Next, the processing executed in the computer 10 of the first embodiment will be described.

As mentioned above, the job allocation program 11a starts at the time when a job is generated by an input operation by an operator.

FIG. 4 is a flowchart showing the processing by the job allocation program 11a.

In the first step S101 of the processing, the processor group 10d receives a job through the OS software. A priority has been already defined in the job.

In the next step S102, the processor group 10d specifies one processor whose job management table 12a stores the smallest number of jobs.

In the next step S103, the processor group 10d registers the information, which specifies the job received in step S101, into the job management table 12a of the processor specified in step S102.

In the next step S104, the processor group 10d sorts the records, which are stored in the job management table 12a into which the job is registered in step S103, in descending order of the priority.

In the next step S105, the processor group 10d increments the job number, which is stored in the job management table 12a whose records are rearranged in step S104, by “1”. Then, the processor group 10d finishes the job allocation program of FIG. 4.

According to the job allocation process, a newly generated job is allocated to a processor 10d to which the smallest number of jobs are allocated.

FIG. 5 is a flowchart showing a processing executed by a processor 10d.

As shown in FIG. 5, every processor 10d repeatedly executes the condition recording process 11b, the job selection process 11c, the job execution process, the job deletion process 11d in this order.

FIG. 6 is a flowchart showing the condition recording process 11b.

In the first step S201, the condition recording process 11b, which is executed by a processor according to the program, changes the workload 100% condition flag contained in the record in the condition management table 12b of FIG. 3 to OFF.

In the next step S202, the condition recording process 11b updates the value in the “previous start time” field by overwriting with the value in the “job start time” field of the record in the condition management table 12b of FIG. 3.

In the next step S203, the condition recording process 11b updates the value in the “job start time” field of the record in the condition management table 12b of FIG. 3 by overwriting with the time of the point in time.

In the next step S204, the condition recording process 11b determines whether the value in the “previous start time” field is zero. And when the value of the “previous start time” field is zero, the condition recording process 11b branches the processing from step S204, and finishes the condition recording process concerning FIG. 6. On the other hand, when the value of the “previous start time” field is not zero, the condition recording process 11b advances the processing to step S205.

In step S205, the condition recording process 11b calculates an execution time. Specifically, the condition recording process 11b calculates the execution time by subtracting the value of the “previous start time” field from the value of the “job start time” field of the record in the condition management table 12b of FIG. 3.

In the next step S206, the condition recording process 11b updates the value of the “execution time” field of the record in the condition management table 12b of FIG. 3 by overwriting with the execution time calculated in step S205.

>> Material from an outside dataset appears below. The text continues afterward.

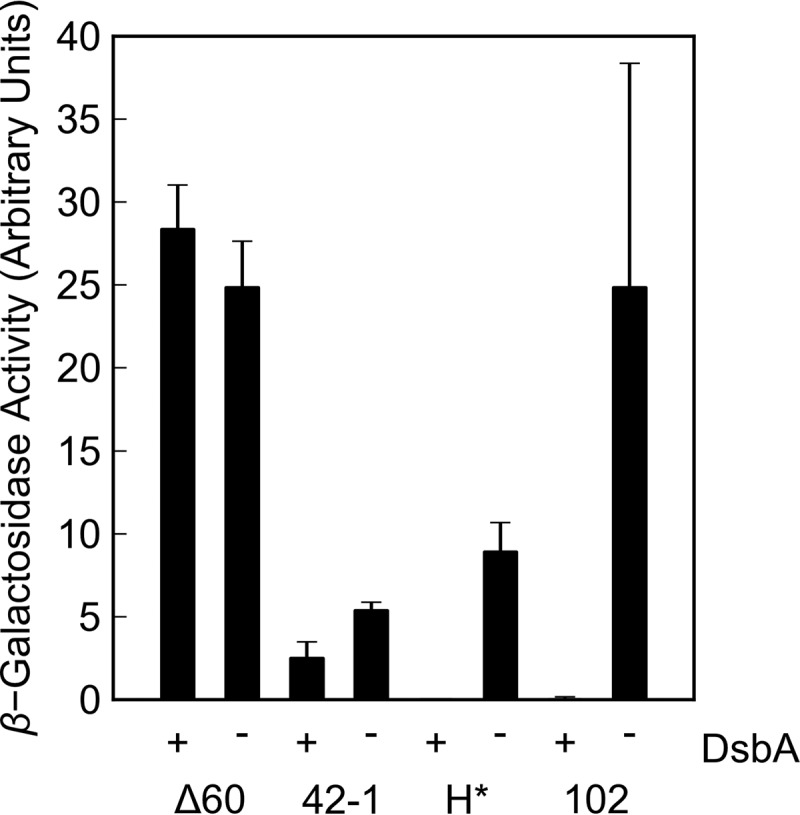 FIG 2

In the next step S207, the condition recording process 11b determines whether the execution time calculated in step S205 is longer than a predetermined upper limit. When the execution time concerned is shorter than the predetermined upper limit, the condition recording process 11b branches the processing from step S207, and finishes the condition recording process concerning FIG. 6. On the other hand, when the execution time concerned is longer than the predetermined upper limit, the condition recording process 11b advances the processing to step S208.

In step S208, the condition recording process 11b substitutes zero into the “job start time” field of the record in the condition management table 12b of FIG. 3.

In the next step S209, the condition recording process 11b changes the workload 100% condition flag contained in the record in the condition management table 12b of FIG. 3 to ON. Then, the condition recording process 11b finishes the processing concerning FIG. 6.

According to the condition recording process, in advance of an execution of a job, the information about the previous job that has been just executed is recorded into the condition management table 12b of FIG. 3, and it is determined whether the workload 100% condition flag should be changed.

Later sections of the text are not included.